Optimal-Binary-Search-Tree(p, q, n) 
e[1…n + 1, 0…n],  
w[1…n + 1, 0…n], 
root[1…n + 1, 0…n]  
for i = 1 to n + 1 do 
   e[i, i - 1] := q_i - 1 
   w[i, i - 1] := q_i - 1  
for l = 1 to n do 
   for i = 1 to n – l + 1 do 
      j = i + l – 1 e[i, j] := ∞ 
      w[i, i] := w[i, i -1] + p_j + q_j 
      for r = i to j do 
         t := e[i, r - 1] + e[r + 1, j] + w[i, j] 
         if t < e[i, j] 
            e[i, j] := t 
            root[i, j] := r 
return e and root

Analysis

The algorithm requires O (n³) time, since three nested for loops are used. Each of these loops takes on at most n values.

Example

Considering the following tree, the cost is 2.80, though this is not an optimal result.
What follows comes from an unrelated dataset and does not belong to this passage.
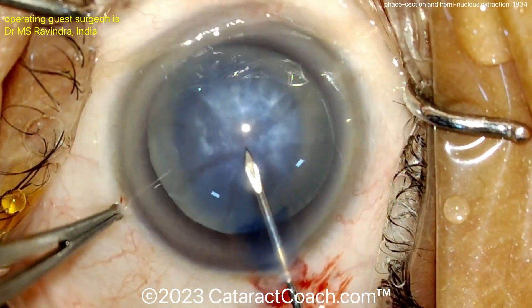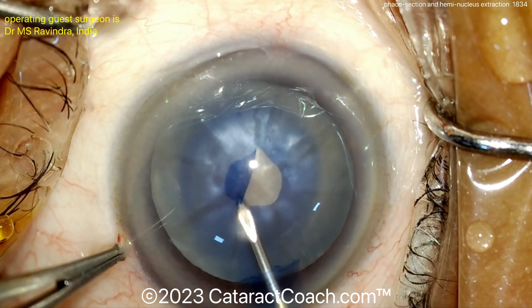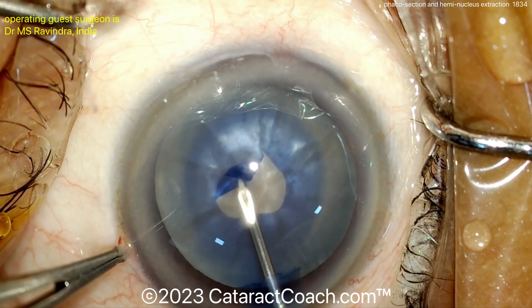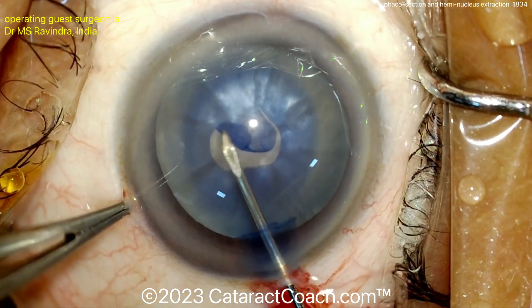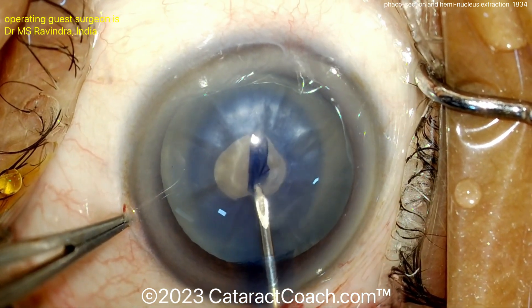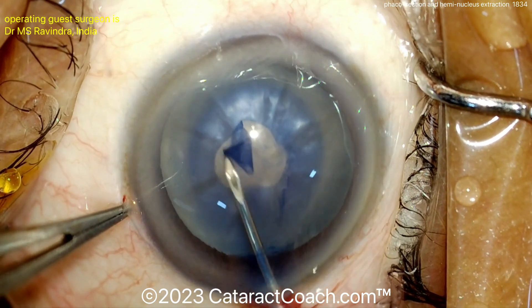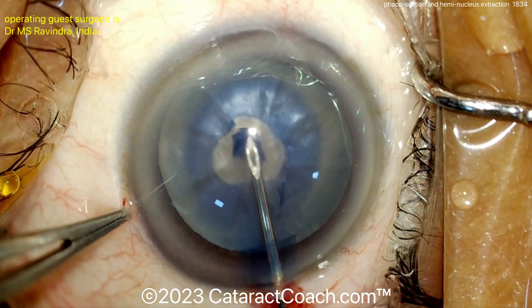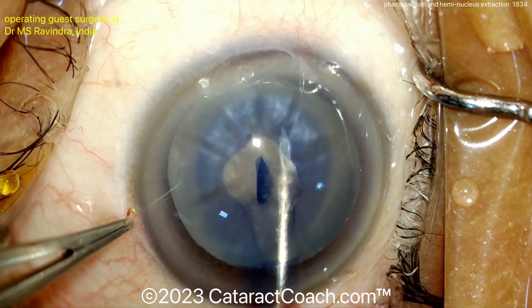this surgeon is going to split the nucleus into two halves in the anterior chamber and then remove each hemi-nucleus out of the incision. You can see here getting the rexis done — looks like a nice dense cataract. But not too much intumescent fluid there. You can do a baby rexis first, so here comes that little baby rexis, and then decompress the capsular bag — this is the double rexis technique.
Node	Depth	Probability	Contribution
k₁	1	0.15	0.30
k₂	0	0.10	0.10
k₃	2	0.05	0.15
k₄	1	0.10	0.20
k₅	2	0.20	0.60
d₀	2	0.05	0.15
d₁	2	0.10	0.30
d₂	3	0.05	0.20
d₃	3	0.05	0.20
d₄	3	0.05	0.20
d₅	3	0.10	0.40
Total			2.80

To get an optimal solution, using the algorithm discussed in this chapter, the following tables are generated.

In the following tables, column index is i and row index is j.

e	1	2	3	4	5	6
5	2.75	2.00	1.30	0.90	0.50	0.10
4	1.75	1.20	0.60	0.30	0.05
3	1.25	0.70	0.25	0.05
2	0.90	0.40	0.05
1	0.45	0.10
0	0.05

w	1	2	3	4	5	6
5	1.00	0.80	0.60	0.50	0.35	0.10
4	0.70	0.50	0.30	0.20	0.05
3	0.55	0.35	0.15	0.05
2	0.45	0.25	0.05
1	0.30	0.10
0	0.05

root	1	2	3	4	5
5	2	4	5	5	5
4	2	2	4	4
3	2	2	3
2	1	2
1	1

From these tables, the optimal tree can be formed.